What likely will happen even if the pandemic gets under control enough to start backing off significantly on social distancing strategies by this time next year, are firms moving more toward a hybrid workplace.
That may mean two to three days in the office and the rest of the week working remotely.
Keep that in mind when you look at housing starts in both Manteca and Lathrop that have surged by close to 50 percent during the pandemic. Both cities already where among the fastest growing in the state. A lot of the home buying is being done by renters who were paying $3,500 a month for a two or three bedroom apartment in or near the Silicon Valley and are now reducing their monthly housing costs by buying in Manteca, Lathrop or elsewhere in the Northern San Joaquin Valley.
You could argue that was possible before the pandemic but you’d be only partially correct. That’s because commuting — especially by car — from this side of the Altamont to the Bay Area not only takes a toll mentally and physically but also fiscally.
Even with gas efficient vehicles you easily burn through $10 of gas a day or $200 a month just going from Manteca to Livermore and back each day. Add wear and tear on your car or commute to San Jose and that $1,000 savings disappears.
Hybrid work schedules going forward or even having a job that returns to being 100 percent in the office will be less stressful and less costly to do.
You might ask about how a return to a five day commute would be either less stressful or less expensive post pandemic as opposed to pre-pandemic. To answer is simple. By 2023 the Altamont Corridor Express will be more robust and Valley Link to connect Lathrop initially with the BART station in Pleasanton will be moving toward groundbreaking.
The reason why Manteca and Lathrop will proportionately get more of the growth triggered by the pandemic transformation of the workplace is River Islands at Lathrop as well as a collection of developers in Manteca that always been in the long game.
Between those players there is not only critical basic environmental clearance for 20,000 housing units yet to be built but also the infrastructure in place.
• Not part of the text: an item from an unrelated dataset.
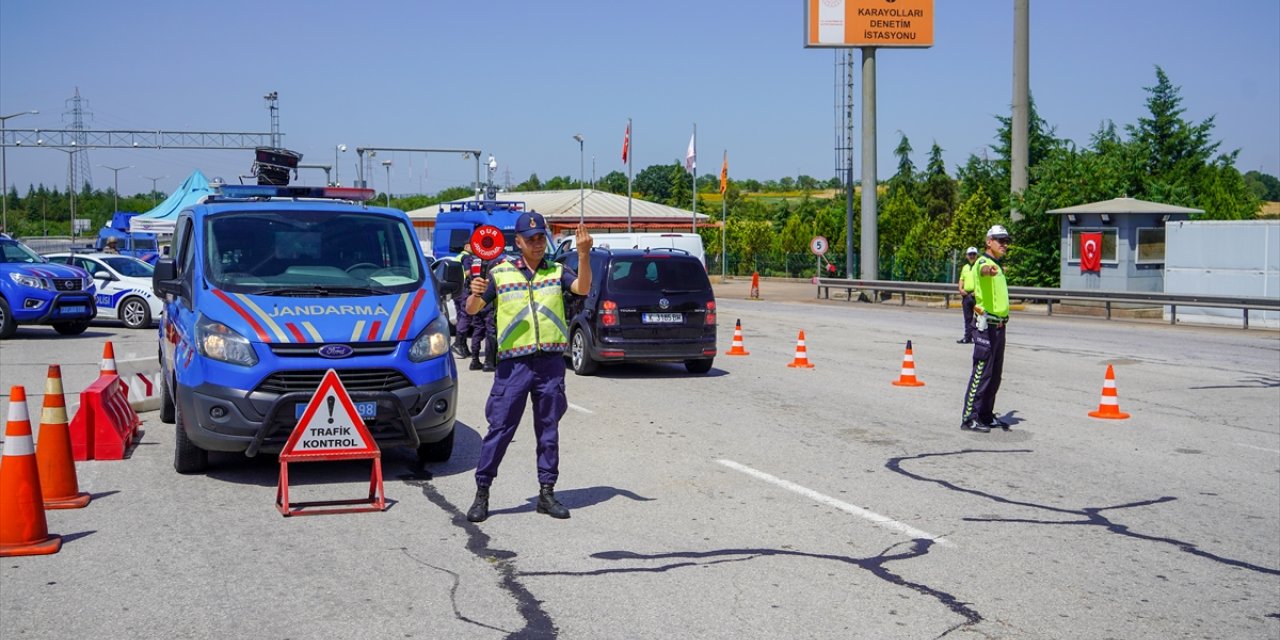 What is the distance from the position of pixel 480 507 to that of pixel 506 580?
1.42 meters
And what is not in place physically can be done so relatively quickly. There is a second phase planned for surface water treatment plant that can supply growth. At the same time the Manteca wastewater treatment plant has the backbone in place to essentially add a parallel plant.
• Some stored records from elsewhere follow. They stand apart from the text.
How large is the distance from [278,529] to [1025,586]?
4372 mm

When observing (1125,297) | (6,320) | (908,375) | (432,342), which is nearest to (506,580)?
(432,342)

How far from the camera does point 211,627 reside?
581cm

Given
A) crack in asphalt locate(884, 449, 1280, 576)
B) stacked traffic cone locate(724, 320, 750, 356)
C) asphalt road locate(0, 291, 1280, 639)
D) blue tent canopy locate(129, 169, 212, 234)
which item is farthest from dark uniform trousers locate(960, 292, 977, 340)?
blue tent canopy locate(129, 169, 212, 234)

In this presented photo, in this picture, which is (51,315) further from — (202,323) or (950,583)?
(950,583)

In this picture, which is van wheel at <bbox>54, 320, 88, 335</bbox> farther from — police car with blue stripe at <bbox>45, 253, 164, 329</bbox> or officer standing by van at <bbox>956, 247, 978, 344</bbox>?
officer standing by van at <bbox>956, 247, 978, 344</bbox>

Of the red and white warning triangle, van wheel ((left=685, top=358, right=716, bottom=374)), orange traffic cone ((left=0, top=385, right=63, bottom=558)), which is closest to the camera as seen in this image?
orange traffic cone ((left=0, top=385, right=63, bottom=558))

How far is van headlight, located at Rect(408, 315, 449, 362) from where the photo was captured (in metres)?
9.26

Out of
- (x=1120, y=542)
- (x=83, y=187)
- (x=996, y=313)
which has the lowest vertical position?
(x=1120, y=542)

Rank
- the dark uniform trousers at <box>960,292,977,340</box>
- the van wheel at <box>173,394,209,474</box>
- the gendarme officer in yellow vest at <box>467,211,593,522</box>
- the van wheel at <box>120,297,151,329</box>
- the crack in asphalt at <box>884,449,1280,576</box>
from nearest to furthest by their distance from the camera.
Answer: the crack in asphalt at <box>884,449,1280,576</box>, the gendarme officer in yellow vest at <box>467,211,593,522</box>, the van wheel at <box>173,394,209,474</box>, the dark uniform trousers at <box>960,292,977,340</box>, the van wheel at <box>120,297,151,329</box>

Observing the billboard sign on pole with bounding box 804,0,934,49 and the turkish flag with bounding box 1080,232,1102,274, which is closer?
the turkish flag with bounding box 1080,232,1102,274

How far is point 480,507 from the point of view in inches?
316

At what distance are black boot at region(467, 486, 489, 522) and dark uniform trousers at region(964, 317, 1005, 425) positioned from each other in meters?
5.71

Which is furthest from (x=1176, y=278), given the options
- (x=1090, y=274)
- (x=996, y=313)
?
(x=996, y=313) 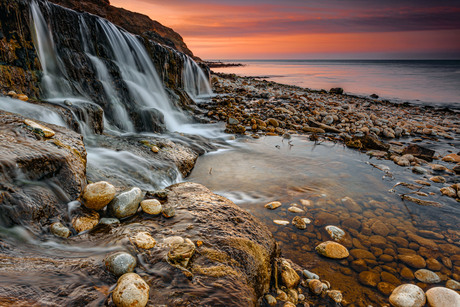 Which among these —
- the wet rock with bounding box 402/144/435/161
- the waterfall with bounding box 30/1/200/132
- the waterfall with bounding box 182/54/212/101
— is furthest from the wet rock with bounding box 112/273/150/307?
the waterfall with bounding box 182/54/212/101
This area is better positioned based on infrastructure —freeways, rail service, and basis utility needs to supply growth — than most other areas within the outer limits of acceptable commute times to the Bay Area.
Given the Bay Area firms that are looking to reduce pay for workers that move far away when they are allowed to work remotely already have a sizable part of their workforce living here, it is doubtful that an employee who was renting in Santa Clara and buys a house in Manteca will be subject to a pay cut.
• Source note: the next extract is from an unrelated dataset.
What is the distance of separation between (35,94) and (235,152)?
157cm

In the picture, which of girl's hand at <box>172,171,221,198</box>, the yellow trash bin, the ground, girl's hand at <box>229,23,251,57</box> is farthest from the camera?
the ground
Add to that the appeal of more space, being able to own a home, and not having a killer five day commute thanks to an emerging hybrid workplace that is shaping up for the post pandemic world as well as a strengthening mass transit web it’s not too hard to see where this will take Manteca and Lathrop as well as some neighboring communities such as Tracy and Mountain House.
At the same time places like Facebook may find their space needs change with a shift to hybrid workplaces. They could easily hire more people without adding more space.
And with a transit infrastructure that includes more rail and freeways gaining capacity thanks to workers that don’t have to commute every day you are likely to see the “Bay Area” generate even more jobs.